Gallery

  • 885 West Georgia Street•

    885 West Georgia Street is the address of a well-known office tower in Vancouver. The building, also known as “The HSBC Canada pendulum building,” houses 23 floors of offices as well as a large atrium with a swinging pendulum. It sits on the corner of Georgia Street and Hornby Street facing the rear of the Vancouver Art Gallery.

    The painting is a present for someone who used to work in the building but has since relocated East. He found that he missed the co-workers and friends and experiences in Vancouver, so this painting will go in his current office as a reminder of where he started his career. The building’s shape, as I have interpreted it, is reminiscent of the prow of a large ship because ships are always the best metaphors for exploration and journeys.
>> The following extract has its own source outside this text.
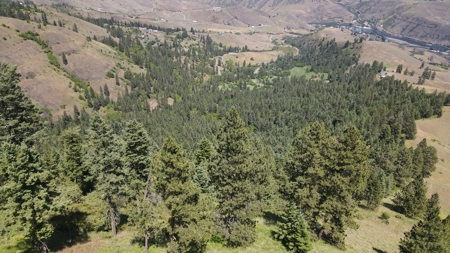 Land for Sale in White Bird, Idaho - image 7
    The light is coming from overhead West, which indicates late afternoon on one of those (rare!) clear fall days in Vancouver. A beam of light falls on the 7th floor, which is a conference room above the atrium where the recipient used to attend conferences and meet with a beloved mentor who has since passed away. If you look closely, there’s a faint silhouette in the window, like someone giving a lecture or looking out.
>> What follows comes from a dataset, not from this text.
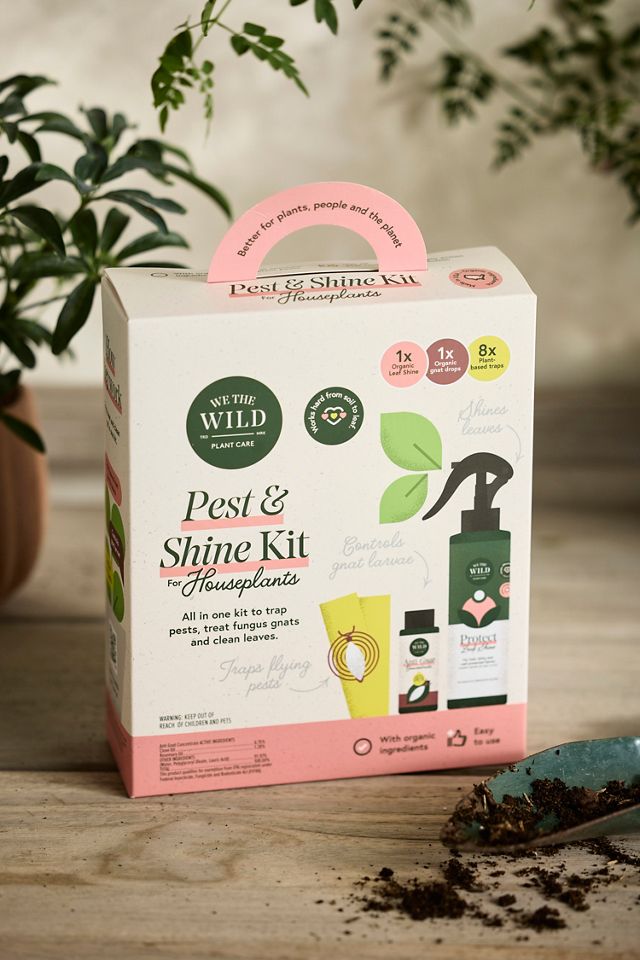 Houseplant Pest + Shine Kit #1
    0ref1A few doors down on the same floor, there’s a window that appears open with a small paper airplane floating out. This is where the recipient’s office was. The open window is a fanciful touch because the windows probably don’t actually open at that height, but it’s symbolic. For that matter, you can’t *really* see Vancouver’s iconic Lions or Crown mountains from this vantage point but you know they are right there. So there they are. In painting, like in life, it is more meaningful to add what is felt rather than seen.